Lesson #2: Commit to the big picture of Christ through the details of His love

So when I come, I will call 
attention to what he (Diotrephes) 
is doing, spreading malicious 
nonsense about us.
3 John 10

My current Bible study, Everyday Theology, has been a great strengthening and clarification of my Christian beliefs.  Starting with what scripture is intended for and delving into the trinity and our role as believers in this big world, the lessons have given my BSGs (Bible study girls) a number of  “ah ha” moments.  We currently are on the section about “church.”  What it is, who is the head of it and what our responsibilities as part of the body entail.  The first question asked was for us to define what we call “church.”  

When I hear media-types chastise the “church” or “Christians” for not condemning some action or stance it makes me wonder what church spokesperson they think will step up to a microphone.  Of course, for Catholics that would be the Pope or a regional bishop.  But in the non-Catholic world we are so dispersed, with varying types of faith, traditions, even morals and values.

In John’s letter to the church elder, Gaius, he juxtaposes the elder’s immense love for his brothers and sisters in Christ with another church leader, Diotrephes.  These brothers and sisters are strangers to Gaius but he welcomes them readily into his home.  These travelers are doing the good work of Jesus – spreading the salvation message.  And then there’s Diotrephes.  John describes this leader as one “who loves to be first.”  He doesn’t welcome strangers but even worse, he refused to welcome John.

Imagine that, a church elder who wouldn’t welcome Jesus’ apostle!  You’d have to think about the reasoning behind this.  This elder even kicks out other believers who welcome new people.  And why? Because, as what Warren Wiersbe calls a “church dictator,” he lost his focus on Jesus’ Big Picture of love and instead became focused on the details of man-made doctrine.

“All true Christians can agree on the fundamental doctrines of the faith and, in love, give latitude for disagreement on other matters.”

Warren Wiersbe

I’ve read there are about 34,000 different Christian denominations in the world.  The Wikipedia page on Christian denominations (Catholic and non) is an almost endless list.  Sub groups within sub groups.  People who have followed a pastor’s or priest’s particular issue with “the way things are done” and split off from their home church.  And as active members of church we have all seen the after effects of a change in leadership – numbers dwindle and people divide.  Some churches survive and even thrive while others fade away.

But avoid foolish controversies 
and genealogies and arguments and 
quarrels about the Law, because 
these are unprofitable and useless.
Titus 3:9

The Greek word zelos means something very fervent as with Spirit-fueled zeal to serve the Lord. Zelos is used both negatively (“jealousy”) and positively (“zeal”) in the Bible.  

For where you have envy and 
selfish ambition (zelos), there 
you find disorder and every 
evil practice.
James 3:16

Because when we put our ideas about “the way thing should be done” above the big picture of Jesus and His commandment to love one another as He loved us, we will fail every time.  And what is showing that love? To live in obedience to His will.  

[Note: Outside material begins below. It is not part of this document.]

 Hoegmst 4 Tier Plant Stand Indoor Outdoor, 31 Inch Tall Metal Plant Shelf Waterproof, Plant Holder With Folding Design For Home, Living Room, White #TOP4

As I’ve worked through studying the Bible, I keep coming back to my knowledge of how churches work and how they don’t.  I’m mystified by the lack actual Biblical based decision making.  And how so many people forget the message of 1 Corinthians 13 — the people in our church or faith family are all gifted by God but the use of those gifts must be in love.

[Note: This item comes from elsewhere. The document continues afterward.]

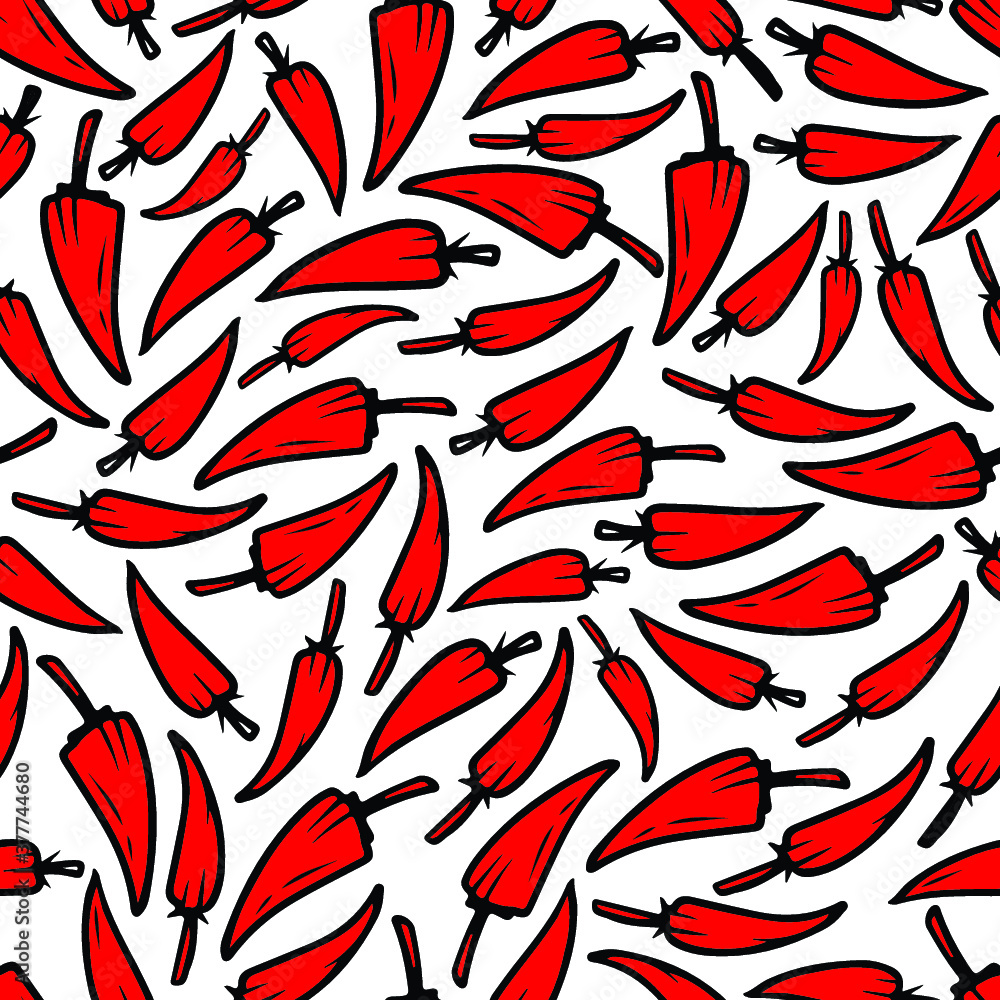 Red pepper seamless pattern of simple graphic style. Red pepper seamless pattern of simple graphic style.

If I speak in the tongues of men 
or of angels, but do not have love, 
I am only a resounding gong or a 
clanging cymbal.
1 Cor 13:1 

I once sat on a church marketing committee that included a wide variety of talented people — many of whom had been members of the church for eons. The pastor welcomed us and gave us our charge. I asked a few questions seeking clarification. Within seconds of him leaving, so we could move on with more planning, an older woman who sat across from me immediately pointed a finger at me and said, “Who do you think you are? And what makes you think you know anything about what needs to be done?” Fortunately I was comfortable enough about my background (I have worked in public relations and marketing) that I almost laughed. You see, because I wasn’t part of her “known” circle I was a nobody to “her church.”

We are so often led by the flesh – what sounds good, what feels good.  That’s how someone like Diotrephes was allowed to be a dictator at his church.  He said enough of the right things to convince enough people to support him.  Had they backed up in their thinking and measured his actions against Jesus, the Truth would’ve been revealed.

Notice this Life Lesson isn’t just about the Big Picture.  It says, “through the details of His love.”  As Christians we must be students of the Word.  If not, we are easily led by apostates and dictators and anyone else in our church who appears to be in charge.  Jesus didn’t come to erase the Law.  He reminds us of the simplicity of the Mosaic Law, without all the human-made rules and regulations placed on it.  He constantly chastised the Pharisees for behavior that we find today throughout our Christian churches.

Woe to you experts in the law, 
because you have taken away the 
key to knowledge. You yourselves 
have not entered, and you have 
hindered those who were entering.
Luke 52:1

Remember that question in my study about theology?  What is the church?  It’s you and it’s me.  It’s not just a pastor or priest or committee of leaders or even the clique of volunteers.  We need to take ownership of our membership in the church body.  When we see one of our body leading people astray we are to remind them of Jesus’ Big Picture.  And we are to be knowledgeable enough about His Word to help set the church body back on track.  A dictator or false teacher is only successful with willing followers!

Read the verse again in 3 John 10: “So when I come, I will call attention to what he is doing, spreading malicious nonsense about us.”

Notice John will confront Diotrephes face to face.  He feels the responsibility of keeping the ship on the right course.  He steps in out of love of the Truth.  He doesn’t say, “I’m coming to fire him” or “I’m getting everyone together to run him out of town.”  John also doesn’t tell Gaius to just go start his own church.  It’s an intervention of sorts.  That sounds a lot like Jesus.

Imagine a Christian world where the more than 3 billion of us were one body.  Where our focus was on obeying Jesus’ teachings and His Big Picture of Love.  Imagine the impact we would have on this broken world.  Imagine if we could just get our own heart and our own local church soundly on that Big Picture path.